Workers’ Compensation Benefits Attorney in Charleston, SC
As an injured employee, you are required in South Carolina to notify your employer of your work-related injury within 90 days of the accident. It is important to report your injury to your employer as soon as possible, and to seek medical care.
Workers’ compensation generally provides the following types of benefits:
- Medical treatment
- Payments for lost income
- Compensation for permanent disability or disfigurement.
Generally speaking, employers in South Carolina who employ four or more employees full-time or part-time are required to carry workers’ compensation insurance.
Workers’ compensation pays for emergency room care, surgery, hospitalization, doctor’s appointments, rehabilitation, medical devices, and prescription medications. If you are injured at work, you are required to be treated by the doctor selected by your employer to collect the benefits.
If you are unable to work for more than seven days because of a workplace injury, you may be eligible to receive weekly checks covering a portion of your lost wages.

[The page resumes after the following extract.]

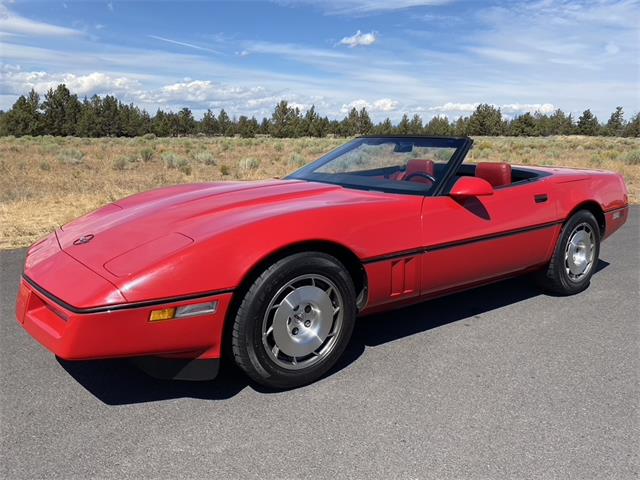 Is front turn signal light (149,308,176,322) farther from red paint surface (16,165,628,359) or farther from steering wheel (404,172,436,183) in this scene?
steering wheel (404,172,436,183)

If you are out of work for more than 14 days because of the injury, you are entitled to compensation starting from the date of the injury. Weekly workers’ compensation checks in South Carolina are equivalent to two-thirds of your average weekly wage.
A North Charleston attorney at Joye Law Firm will review the facts of your on-the-job accident and discuss whether you may have a valid workers’ compensation claim.
The type of workers’ compensation benefits that you are eligible to receive will depend on your employment status, the extent of your injuries, whether you are permanently disabled and your compensation rate when you were working.
How Our North Charleston Workers’ Compensation Lawyer Can Assist
If your employer or the worker’s compensation insurance administrator denies your right to benefits, or you believe that you are not receiving all the benefits you are due, then you have up to two years to file a workers’ compensation claim.
You may file a claim with the South Carolina workers’ compensation commission on your own if your employer does not report your injury or denies that your injury occurred on the job. You are not required to have a lawyer represent you when filing a claim. However, the rules and procedures related to pursuing a disputed workers’ compensation claim are complicated.